● Available data:
•••••
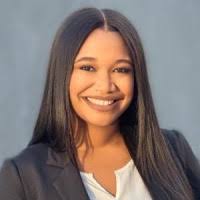 900+ "Madison -gallagher" profiles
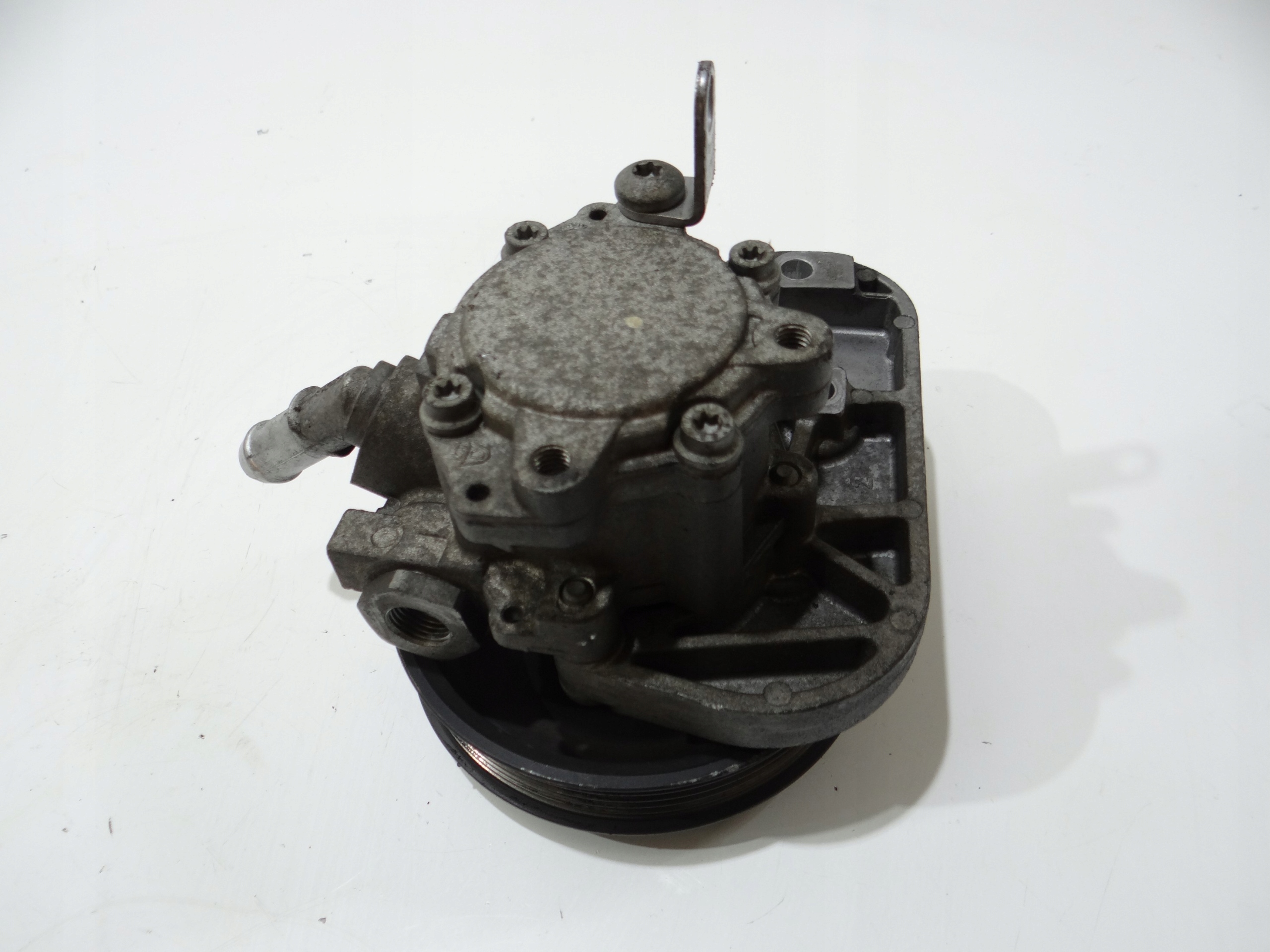 servo pump BMW X1 E84 LIFT N47 2.0D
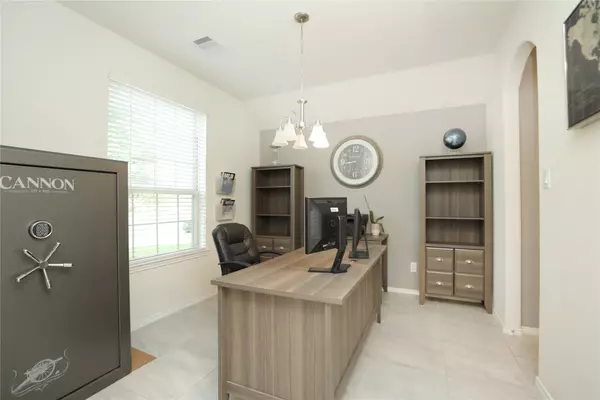 Porter, TX 77365,4315 Kingston Lake CT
•••••
● To do:
When copying the listing, print each line exactly but leave out every picture.

● The completed task:
 900+ "Madison -gallagher" profiles
 servo pump BMW X1 E84 LIFT N47 2.0D
 Porter, TX 77365,4315 Kingston Lake CT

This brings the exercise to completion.